→ EXERCISE BRIEF
In the records below, reproduce exactly the lines from the one containing "Webcam in Atrani, 45.1 km" through the one containing "Ironworkers Local No. 383", both included, and omit the pictures.

Image-text web data
==========
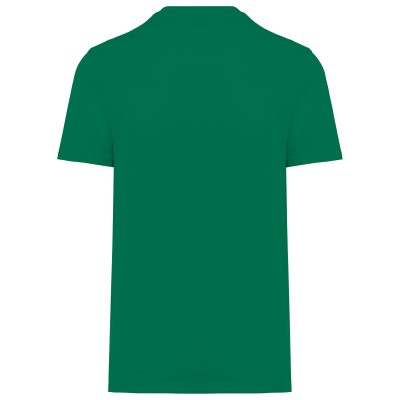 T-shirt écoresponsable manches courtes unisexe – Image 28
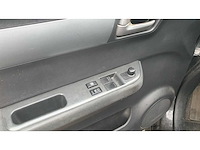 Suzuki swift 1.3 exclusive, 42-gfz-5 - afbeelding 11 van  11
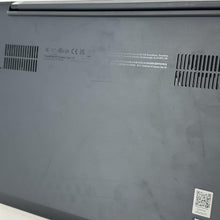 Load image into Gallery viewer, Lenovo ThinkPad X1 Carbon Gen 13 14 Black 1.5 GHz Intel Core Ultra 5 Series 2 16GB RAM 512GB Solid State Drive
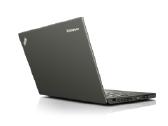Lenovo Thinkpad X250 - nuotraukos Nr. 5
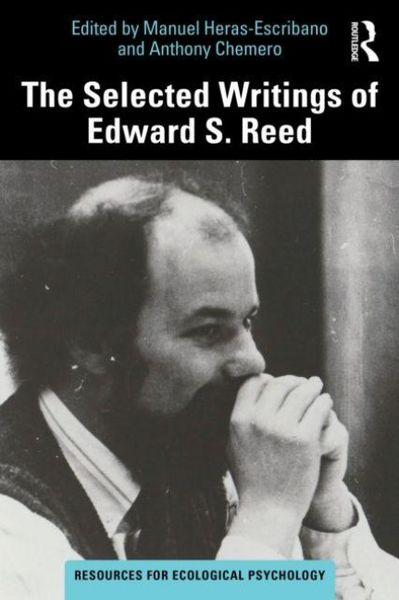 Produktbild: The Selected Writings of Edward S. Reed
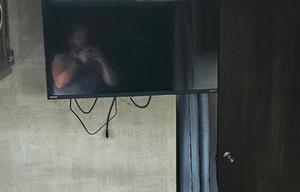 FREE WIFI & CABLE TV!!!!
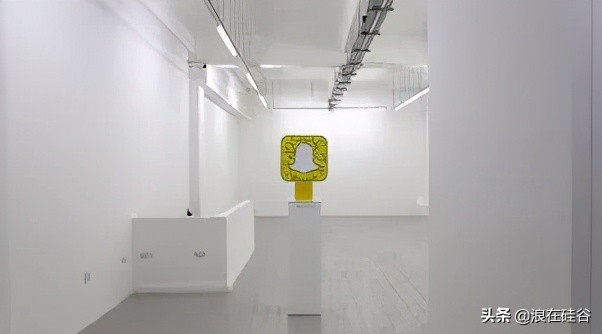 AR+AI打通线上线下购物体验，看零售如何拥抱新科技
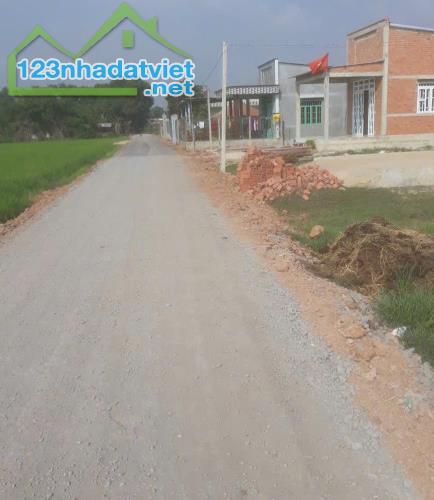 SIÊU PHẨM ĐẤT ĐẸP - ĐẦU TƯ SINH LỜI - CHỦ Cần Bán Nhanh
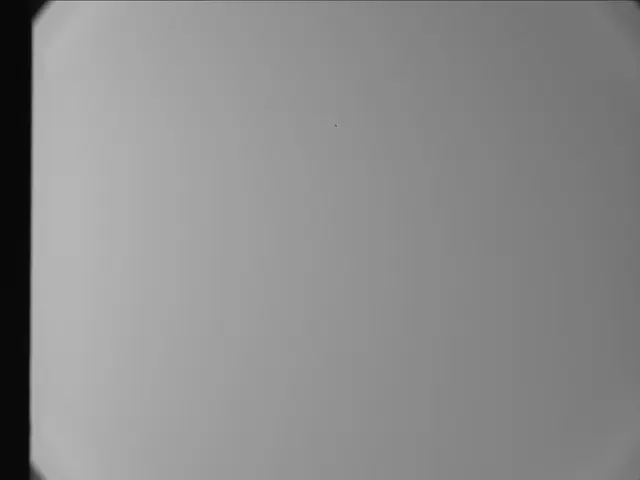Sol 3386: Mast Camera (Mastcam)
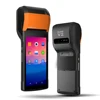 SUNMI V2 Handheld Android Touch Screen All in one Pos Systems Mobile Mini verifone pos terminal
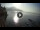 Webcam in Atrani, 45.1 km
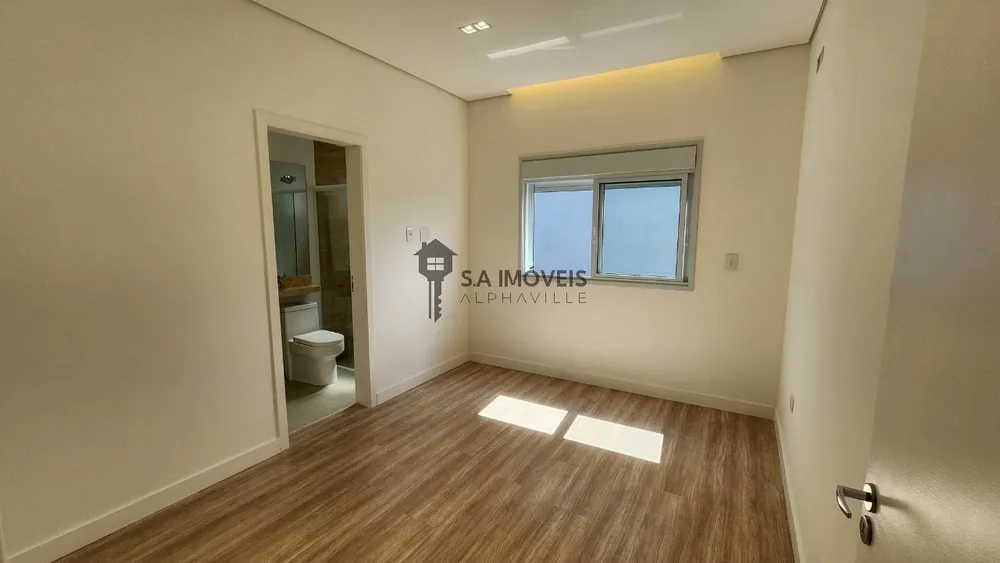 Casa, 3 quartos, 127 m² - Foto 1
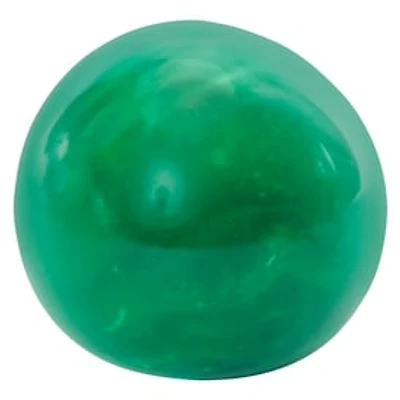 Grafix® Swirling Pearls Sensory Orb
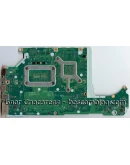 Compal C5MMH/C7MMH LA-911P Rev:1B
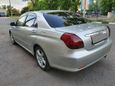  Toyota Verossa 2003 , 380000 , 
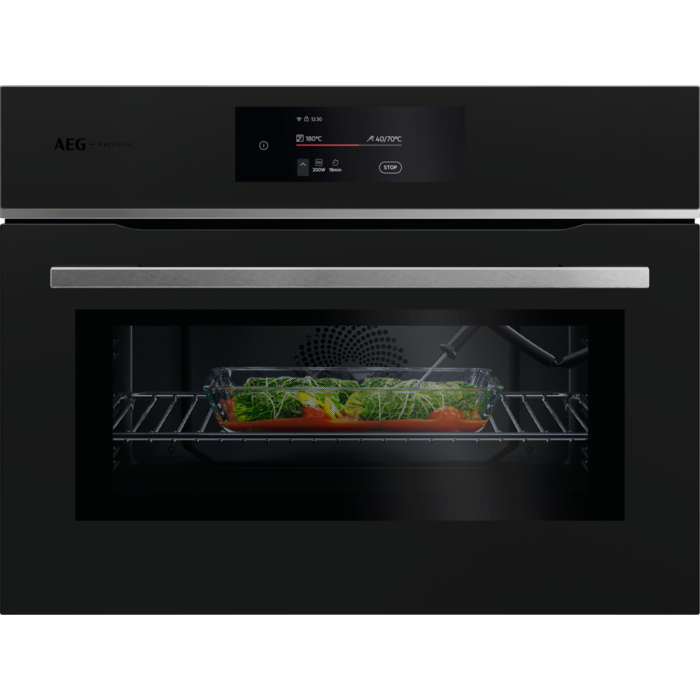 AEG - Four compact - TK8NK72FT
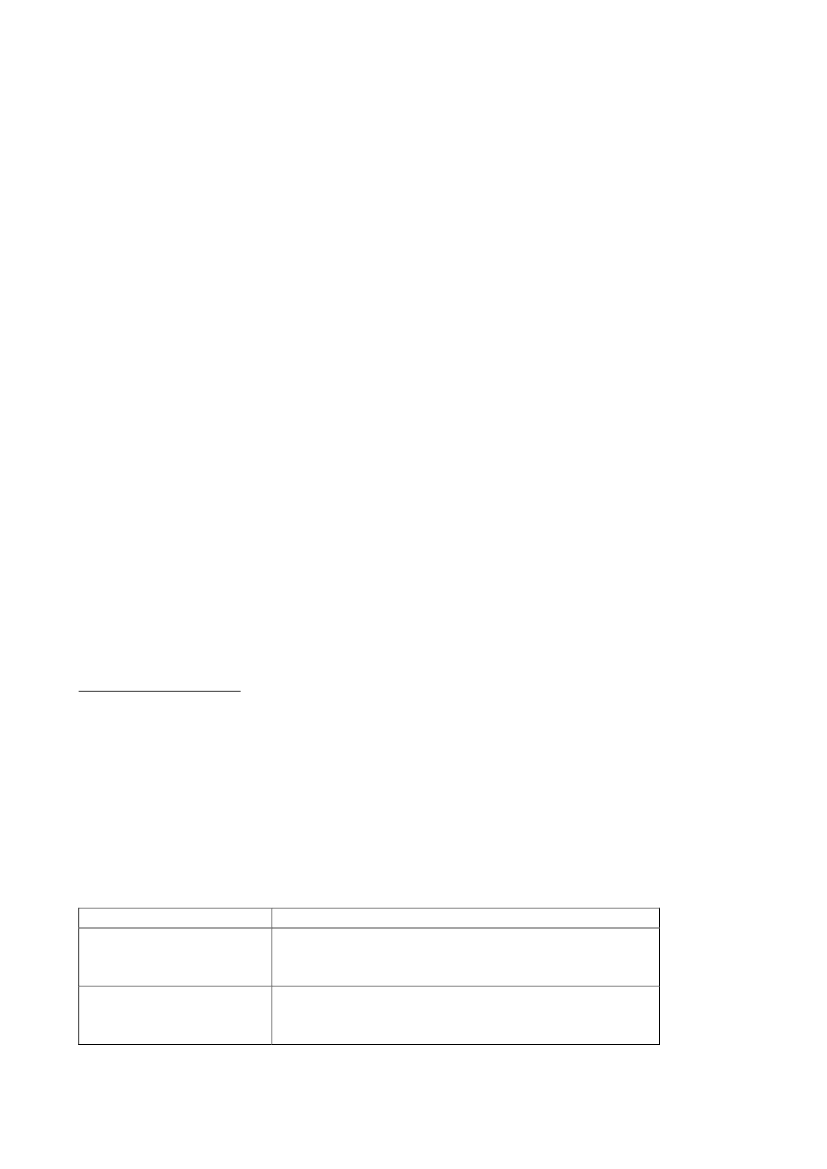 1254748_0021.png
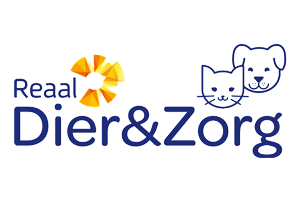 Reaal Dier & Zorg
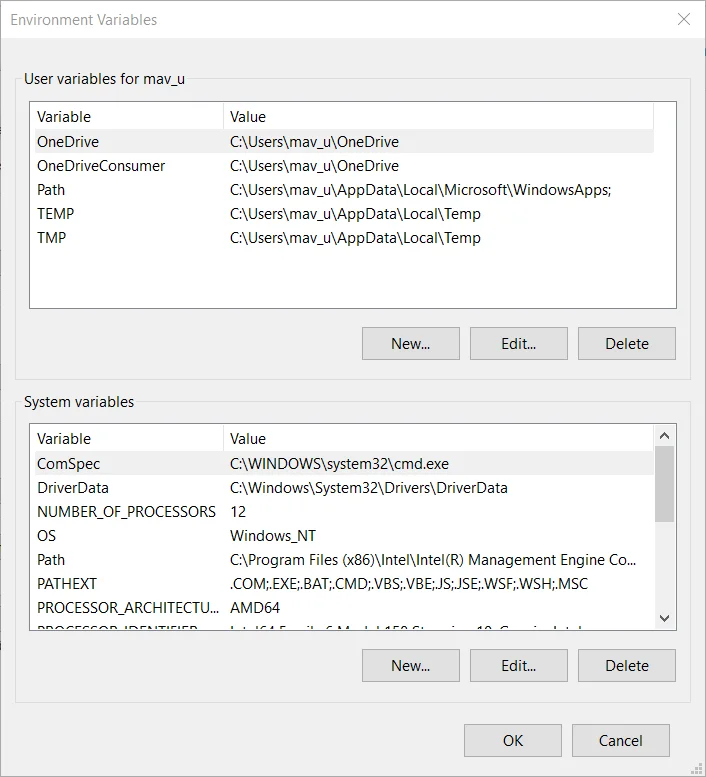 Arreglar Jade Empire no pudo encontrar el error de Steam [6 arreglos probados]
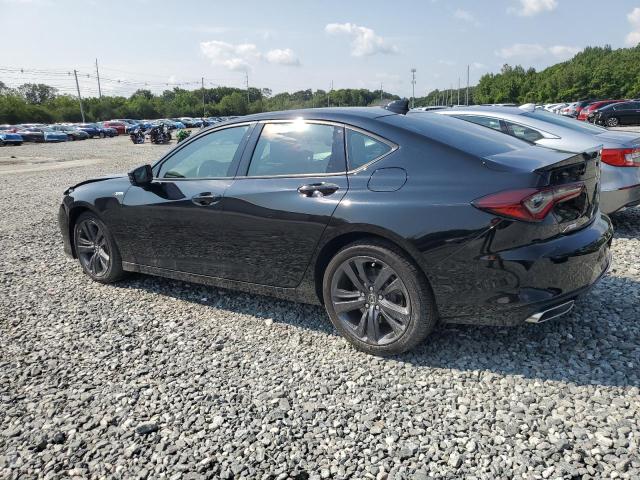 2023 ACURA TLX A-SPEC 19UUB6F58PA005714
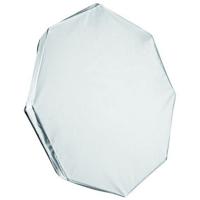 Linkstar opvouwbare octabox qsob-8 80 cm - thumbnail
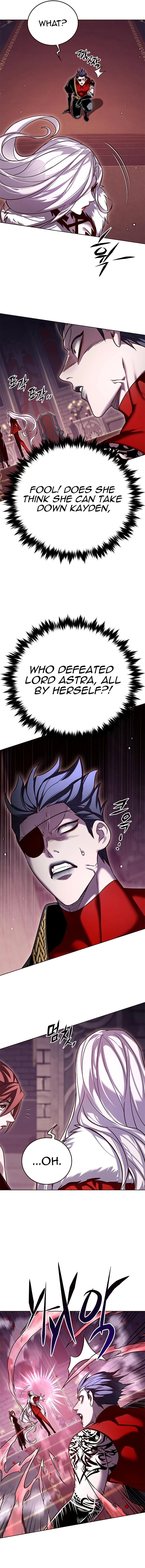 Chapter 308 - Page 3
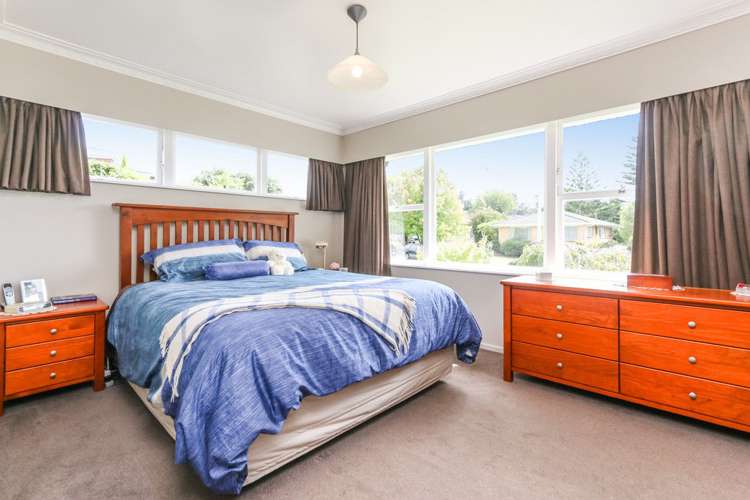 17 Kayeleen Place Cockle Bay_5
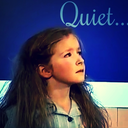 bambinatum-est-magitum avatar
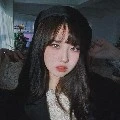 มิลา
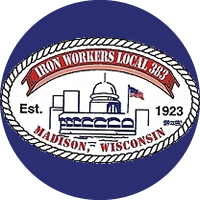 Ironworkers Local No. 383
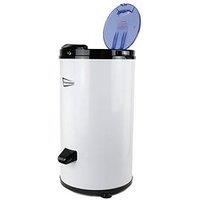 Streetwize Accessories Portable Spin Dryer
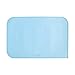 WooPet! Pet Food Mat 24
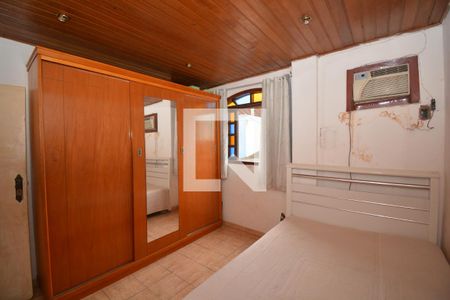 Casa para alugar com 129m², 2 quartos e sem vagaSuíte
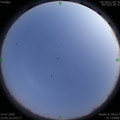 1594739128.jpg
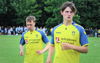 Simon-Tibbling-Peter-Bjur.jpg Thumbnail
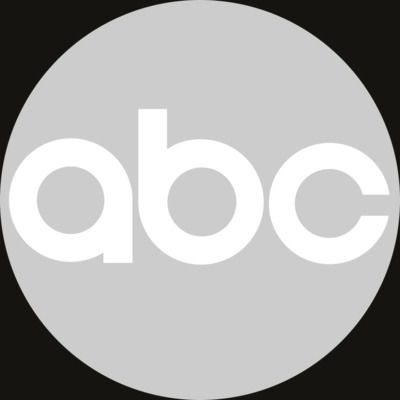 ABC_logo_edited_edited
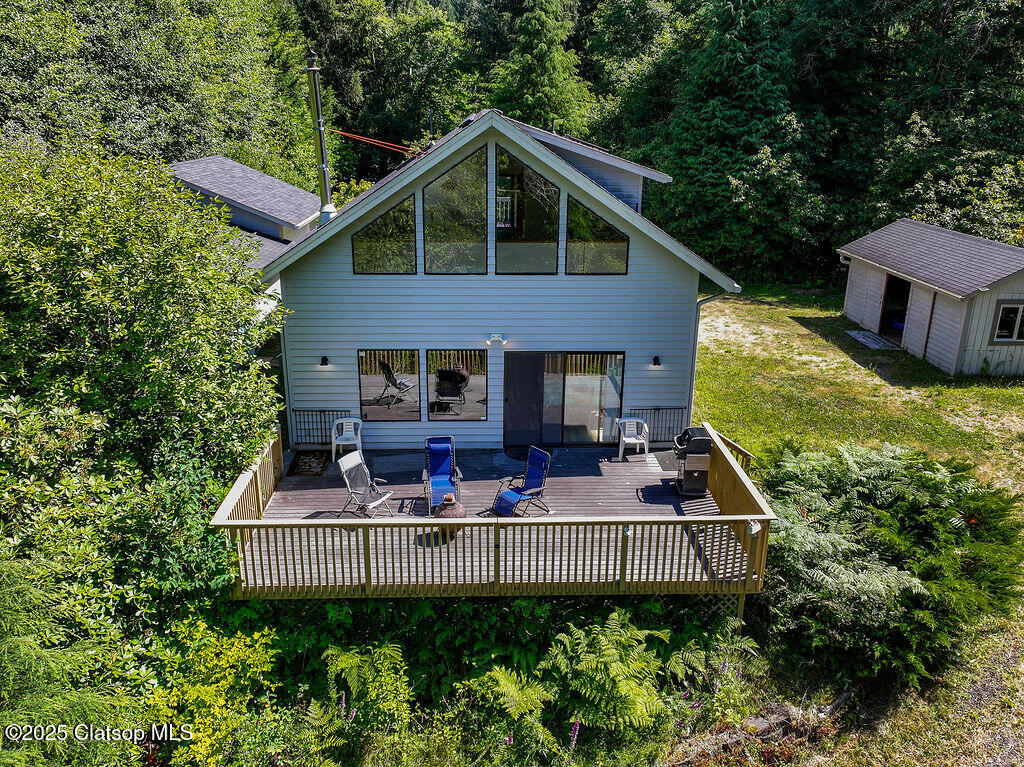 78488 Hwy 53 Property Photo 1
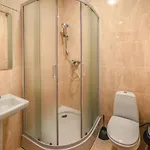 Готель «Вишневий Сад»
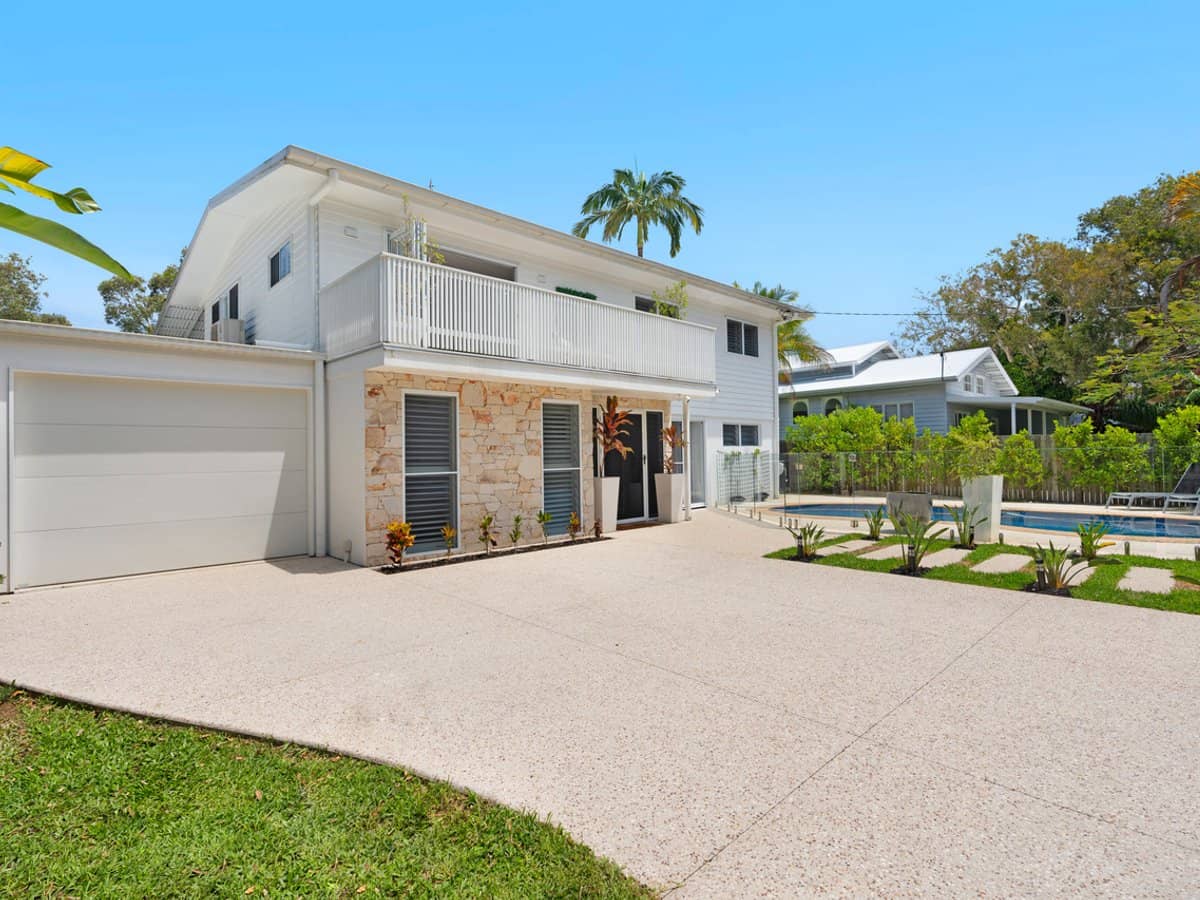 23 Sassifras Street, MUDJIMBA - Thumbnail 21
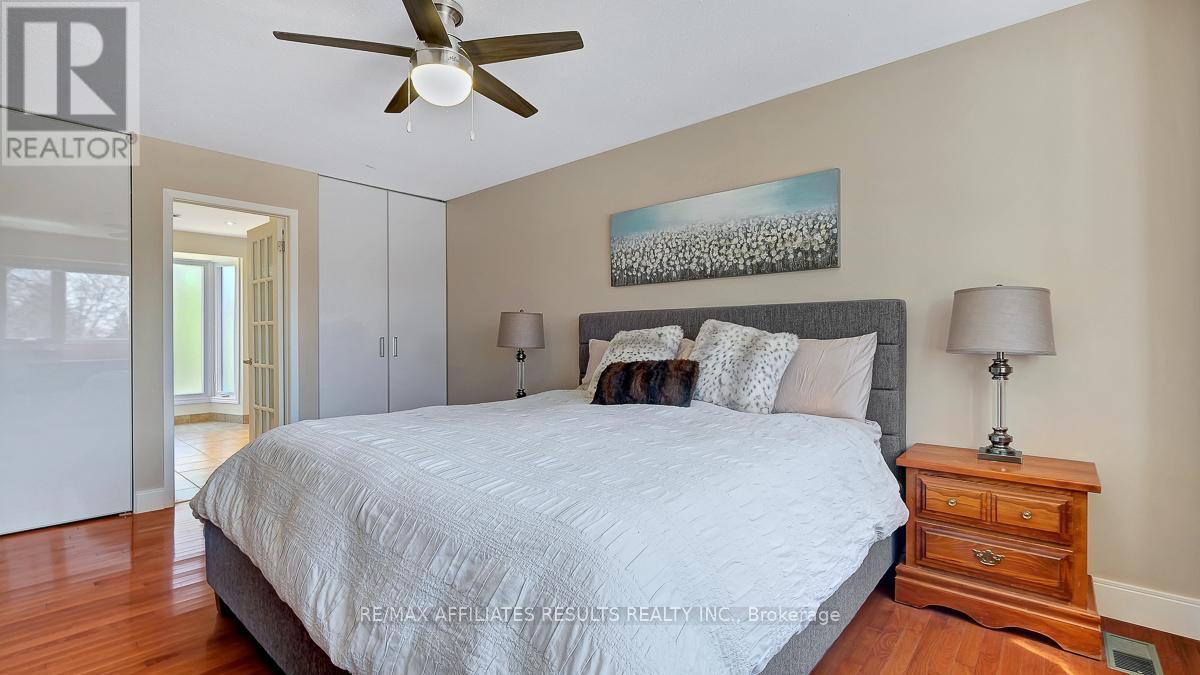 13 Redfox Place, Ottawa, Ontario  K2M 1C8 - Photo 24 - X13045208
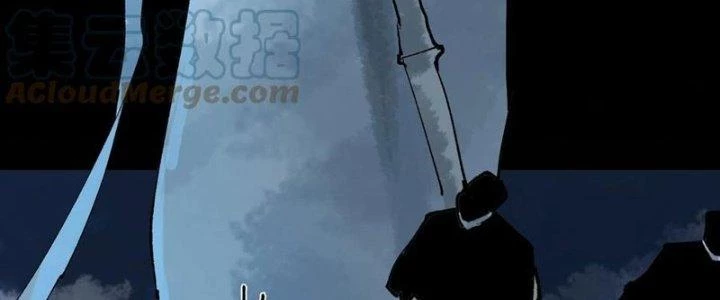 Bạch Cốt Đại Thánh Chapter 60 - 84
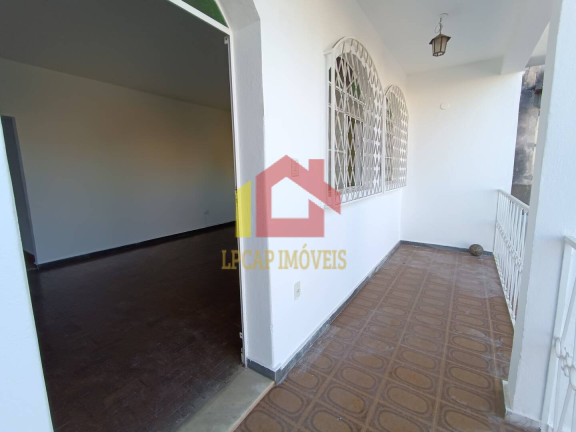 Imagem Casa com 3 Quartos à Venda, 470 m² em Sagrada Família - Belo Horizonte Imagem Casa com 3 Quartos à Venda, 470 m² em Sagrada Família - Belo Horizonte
==========
→ RESPONSE AREA
 Webcam in Atrani, 45.1 km
 Casa, 3 quartos, 127 m² - Foto 1
 Grafix® Swirling Pearls Sensory Orb
 Compal C5MMH/C7MMH LA-911P Rev:1B
  Toyota Verossa 2003 , 380000 , 
 AEG - Four compact - TK8NK72FT
 1254748_0021.png
 Reaal Dier & Zorg
 Arreglar Jade Empire no pudo encontrar el error de Steam [6 arreglos probados]
 2023 ACURA TLX A-SPEC 19UUB6F58PA005714
 Linkstar opvouwbare octabox qsob-8 80 cm - thumbnail
 Chapter 308 - Page 3
 17 Kayeleen Place Cockle Bay_5
 bambinatum-est-magitum avatar
 มิลา
 Ironworkers Local No. 383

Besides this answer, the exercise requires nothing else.